The smells were the same then, just as the first crisp cold breathes that swirl red and orange leaves smells of autumn each year, there is a smell to the Season of Hajj.

These are for you. Does he feel unsure of his gifts? The way he looks away when he gives me them, that he doesn't meet my eye. What could he find for me there, that would suit me, that I would wear? He unwraps paper-silk dresses of blue and gold and white and gold and the fragrance they release into my home is just what you might think: sweet and heavy and clinging.

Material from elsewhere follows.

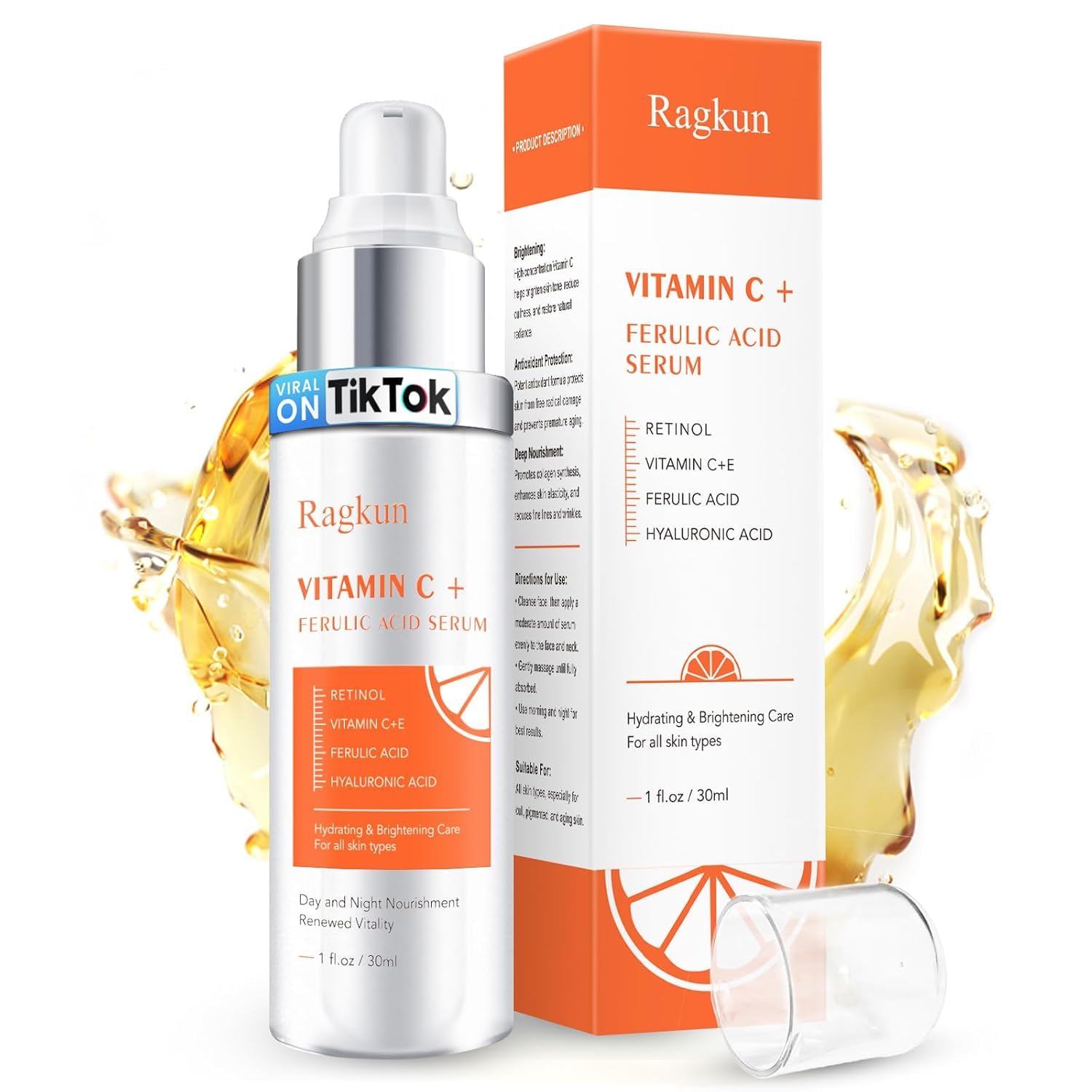 Ragkun Vitamin C Serums
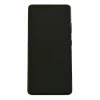 Ecran Samsung G998 Galaxy S21 Ultra Phantom Black Fara Camera Frontala (Service Pack)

After so many years of working to convince those around me that THERE- the Middle East, is HERE, it is not a foreign universe where nothing makes sense, not a place where people live under values we could never conceive of. After years of bridging THERE to HERE and back again, the perfume that unfolds pushes me back into a polarized world of The Other.

I feel how far he has been away. I feel how different he might have become. Where he has walked that I am not allowed to enter. How he has bent his body in prayers I have forbidden myself. The space that has grown between us brings me to tears as I fold away the dresses, unsure where I will wear them or when.

How do we fit our two lives together again?

When I fall asleep I am wrapped around him but still I dream I have lost him. In my dream I am walking through Algiers yelling his name and the lights keep blacking out. I enlist strangers, begging them in Arabic to help me find him.
But everyone has that name here. How could you ever find him again, they ask me. Give up trying. When I wake sobbing, he is doing the morning prayers and dawn has not yet arrived.

It is the season of Hajj, here. And the perfumes of Mecca and Medina are know through the world as ones that envelope and stay and stay after you dip your fingers in and streak them, sweet and dark across your wrists and in the divots of your collar bones. Once you invite it into the folds and dives of your body, once you have invited it into your home it blooms on the walls like flowered paper that fire cannot char, it twists about the legs of the wooden table and I find that open windows do not blow it away.
This season has just begun for me and I can't know how long it will stay and what storms it may bring or how far away it will take me from the one I love.